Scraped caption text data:

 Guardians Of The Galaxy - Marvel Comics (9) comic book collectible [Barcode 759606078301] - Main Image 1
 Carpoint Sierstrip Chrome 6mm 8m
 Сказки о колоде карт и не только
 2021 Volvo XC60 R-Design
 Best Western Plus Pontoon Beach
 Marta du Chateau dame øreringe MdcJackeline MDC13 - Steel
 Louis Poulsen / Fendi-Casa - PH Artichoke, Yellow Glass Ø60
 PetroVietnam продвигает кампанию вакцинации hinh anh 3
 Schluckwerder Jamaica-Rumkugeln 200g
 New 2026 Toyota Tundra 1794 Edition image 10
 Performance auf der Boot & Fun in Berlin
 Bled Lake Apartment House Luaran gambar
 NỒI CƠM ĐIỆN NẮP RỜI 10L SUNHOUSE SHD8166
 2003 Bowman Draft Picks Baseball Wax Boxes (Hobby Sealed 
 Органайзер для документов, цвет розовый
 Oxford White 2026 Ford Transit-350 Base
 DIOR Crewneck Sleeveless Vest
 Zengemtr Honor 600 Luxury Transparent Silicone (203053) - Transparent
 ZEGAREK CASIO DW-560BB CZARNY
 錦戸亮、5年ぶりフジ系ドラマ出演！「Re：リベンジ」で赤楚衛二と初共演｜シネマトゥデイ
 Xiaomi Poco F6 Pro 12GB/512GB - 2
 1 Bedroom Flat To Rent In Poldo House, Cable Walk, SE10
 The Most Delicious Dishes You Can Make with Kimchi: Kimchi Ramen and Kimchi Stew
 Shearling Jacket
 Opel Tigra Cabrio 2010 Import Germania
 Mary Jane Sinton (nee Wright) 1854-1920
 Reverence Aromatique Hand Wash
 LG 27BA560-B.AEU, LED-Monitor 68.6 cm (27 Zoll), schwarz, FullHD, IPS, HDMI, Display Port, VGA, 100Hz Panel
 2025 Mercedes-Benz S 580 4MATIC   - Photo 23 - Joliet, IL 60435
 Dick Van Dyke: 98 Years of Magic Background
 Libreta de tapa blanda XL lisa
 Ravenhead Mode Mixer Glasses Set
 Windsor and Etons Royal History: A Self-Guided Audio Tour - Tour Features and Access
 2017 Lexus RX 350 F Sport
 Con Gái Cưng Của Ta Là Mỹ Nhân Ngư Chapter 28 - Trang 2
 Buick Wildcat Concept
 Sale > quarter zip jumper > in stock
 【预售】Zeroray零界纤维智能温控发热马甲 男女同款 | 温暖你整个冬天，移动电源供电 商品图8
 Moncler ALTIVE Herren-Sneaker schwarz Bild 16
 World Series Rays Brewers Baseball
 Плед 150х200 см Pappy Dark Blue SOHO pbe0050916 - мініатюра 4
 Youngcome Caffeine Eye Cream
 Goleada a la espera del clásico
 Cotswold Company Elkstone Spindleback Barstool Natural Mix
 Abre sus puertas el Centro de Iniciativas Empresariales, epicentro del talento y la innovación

TASK DETAILS: Transcribe exactly, and only, the lines from the one bearing "Cotswold Company Elkstone" through the last line of the entries, counting both.

EXERCISE RESPONSE:
 Cotswold Company Elkstone Spindleback Barstool Natural Mix
 Abre sus puertas el Centro de Iniciativas Empresariales, epicentro del talento y la innovación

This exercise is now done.